───── Source data ─────
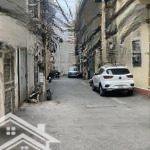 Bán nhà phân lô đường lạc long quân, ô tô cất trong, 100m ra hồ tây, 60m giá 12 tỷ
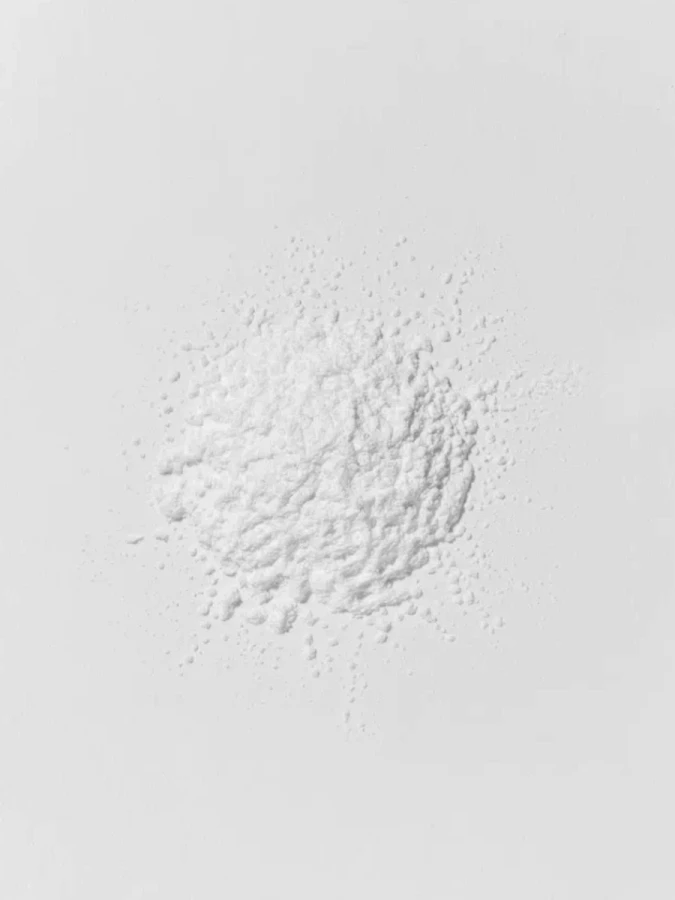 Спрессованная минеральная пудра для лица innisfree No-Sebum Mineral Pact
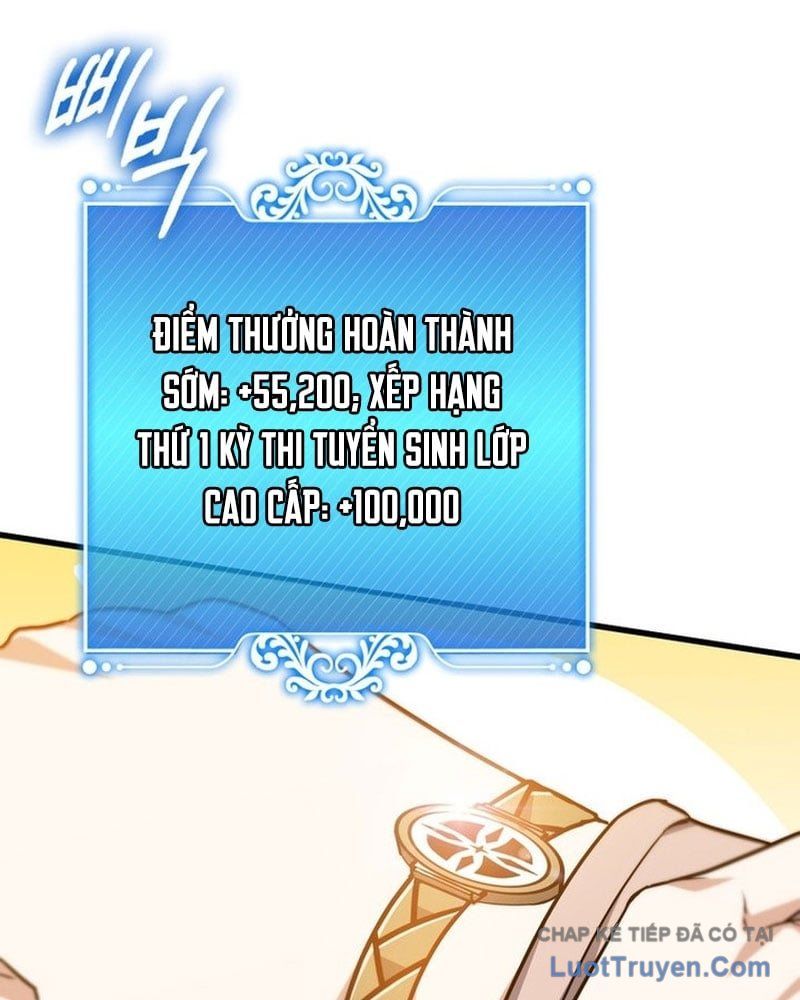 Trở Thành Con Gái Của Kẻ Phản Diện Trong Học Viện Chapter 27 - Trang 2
─────
__Task__: Your reply should hold every line of the material, unaltered, and not one picture.

__Response area__:
 Bán nhà phân lô đường lạc long quân, ô tô cất trong, 100m ra hồ tây, 60m giá 12 tỷ
 Спрессованная минеральная пудра для лица innisfree No-Sebum Mineral Pact
 Trở Thành Con Gái Của Kẻ Phản Diện Trong Học Viện Chapter 27 - Trang 2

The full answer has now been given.